Voice Interaction Modes

Project Overview
py-xiaozhi is a Python-based AI voice assistant client built with a modern asynchronous architecture, supporting rich multimodal interaction features. The system integrates speech recognition, natural language processing, visual recognition, IoT device control, and other advanced technologies to deliver an intelligent interactive experience.
Core Features
- Multi-protocol Support: WebSocket/MQTT dual-protocol communication
- MCP Tool Ecosystem: Integrated 10+ specialized tool modules
- IoT Device Integration: Thing-based architecture for device management
- Visual Recognition: GLM-4V-based multimodal understanding
- Audio Processing: Opus encoding + WebRTC enhancement
- Global Shortcuts: System-level interaction control
Voice Interaction Modes
The system provides multiple voice interaction methods with flexible control and intelligent voice detection:
1. Manual Press Mode
- How to use: Hold the shortcut key to record, release to auto-send
- Default shortcut:
Ctrl+J(configurable) - Use cases: Precise control over recording duration, avoiding ambient noise interference
- Advantages:
- Prevents accidental recording triggers
- Full control over recording duration
- Suitable for noisy environments
2. Turn-Based Conversation Mode (AUTO_STOP)
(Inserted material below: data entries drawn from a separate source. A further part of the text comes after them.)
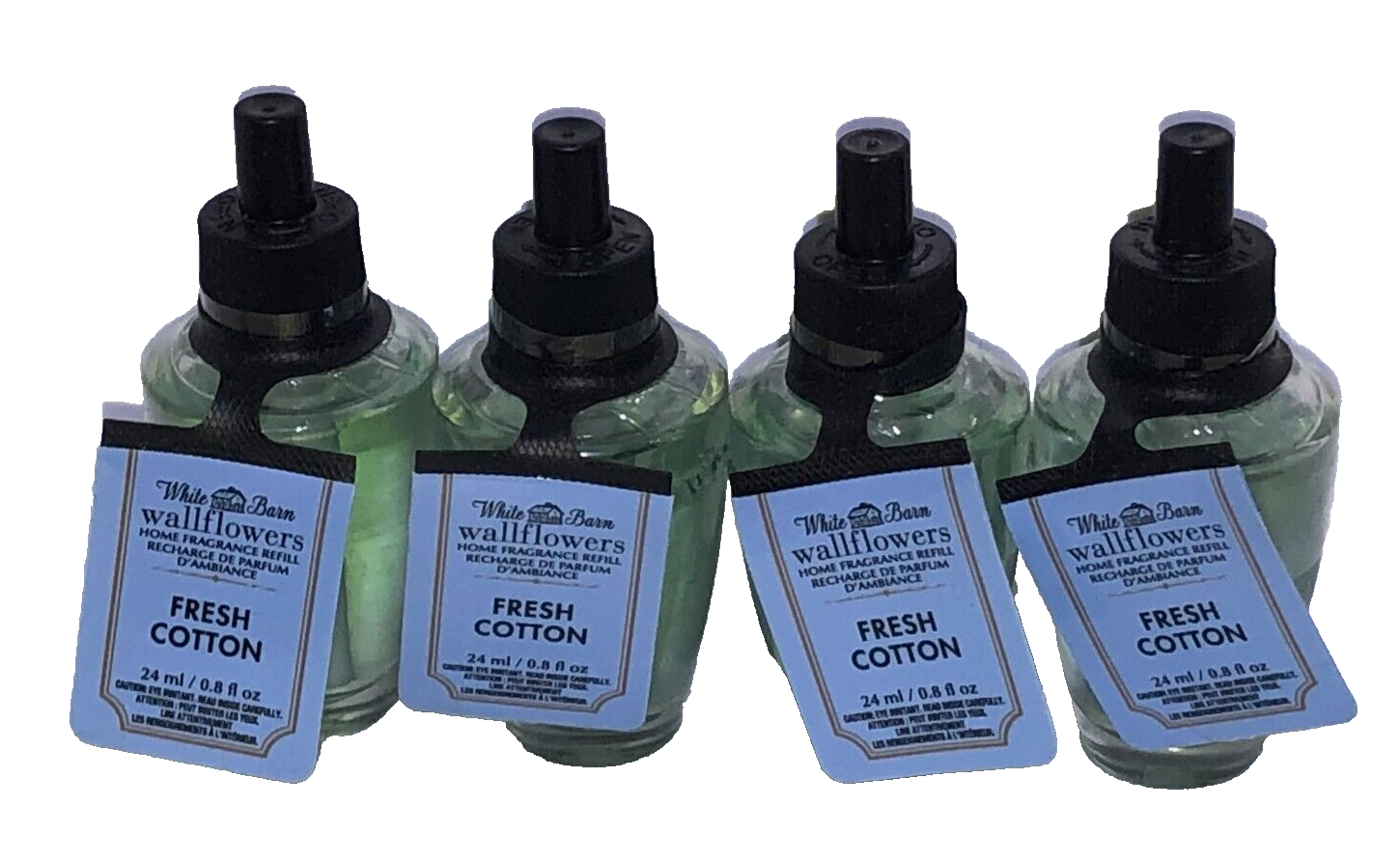 4 Bath & Body Works FRESH COTTON WALLFLOWER BULB Refill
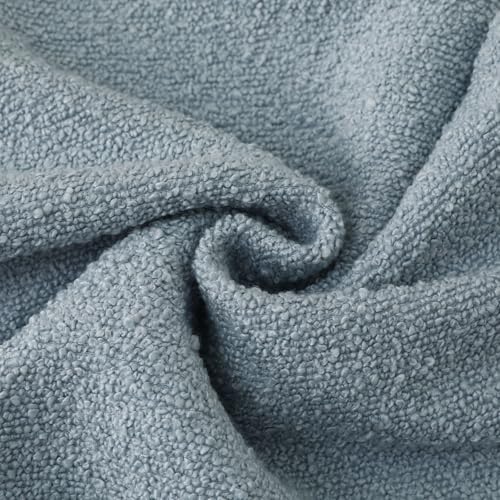 FUTEI Pack of 2 Boucle Textured Throw Pillow Covers 16x16 Inch, Dusty Blue - color: Dusty Blue, size: 16" x 16" (Pack of 2)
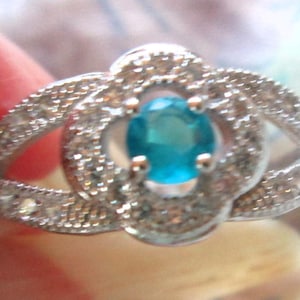 RING -  AQUAMARINE - White TOPAZ -  925 - Sterling Silver  - size 8 blue497
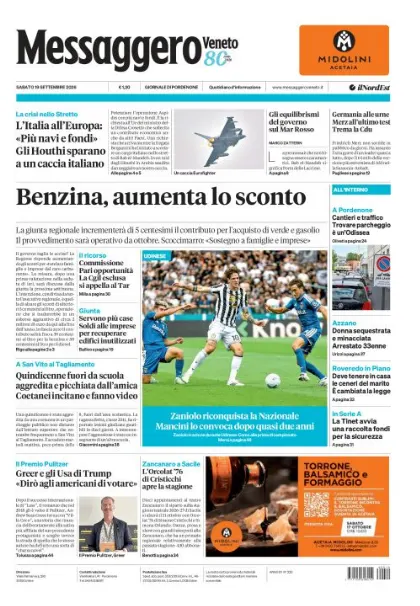 Prima pagina Messaggero Veneto | Pordenone
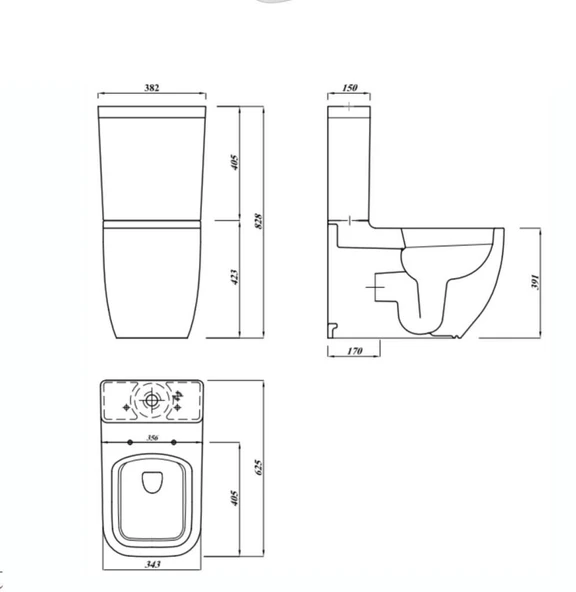 S25 SQUARE DUVARA SIFIR KANALSIZ KLOZET+REZERVUAR+İÇ TAKIM+KLOZET KAPAĞI SET - Resim 4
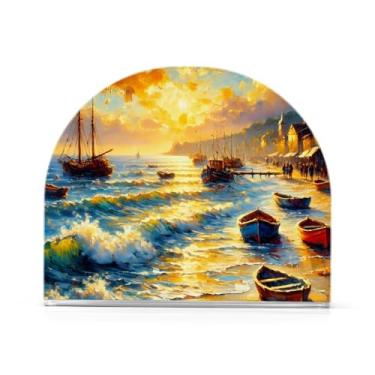 Imagem de Cubist Boats Porta-guardanapos de mesa amarelos, armazenamento de guardanapos de papel em pé, 1 pacote, porta-guardanapos para banheiro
- How to use: Press the shortcut key / click the manual conversation mode toggle in the bottom-right of the GUI to switch to auto-conversation
- Default shortcut:
Ctrl+K(configurable) - Use cases: Quiet environments, traditional conversational interaction, when AEC is disabled
- How it works:
- User speaks → AI replies → User speaks again
- Each conversation turn waits for the AI to finish replying
- Prevents echo and both sides speaking simultaneously
- System automatically disables microphone input while the AI is speaking
- Technical features:
- Default mode when AEC is disabled
- Suitable for unidirectional audio devices or environments with echo issues
- More stable conversation experience, avoiding audio conflicts
3. Real-Time Conversation Mode (REALTIME)
- How to use: Automatically activated when AEC echo cancellation is enabled
- Configuration requirement:
"AEC_OPTIONS.ENABLED": true - Use cases: Natural conversation, bidirectional interaction, complex environments, scenarios requiring the ability to interrupt the AI
- Note: Requires audio devices with built-in AEC; the built-in AEC is currently non-functional
4. Wake Word Mode
- How to use: Speak the preset wake word to activate the system
- Default wake words: "小智", "小美" (customizable in configuration)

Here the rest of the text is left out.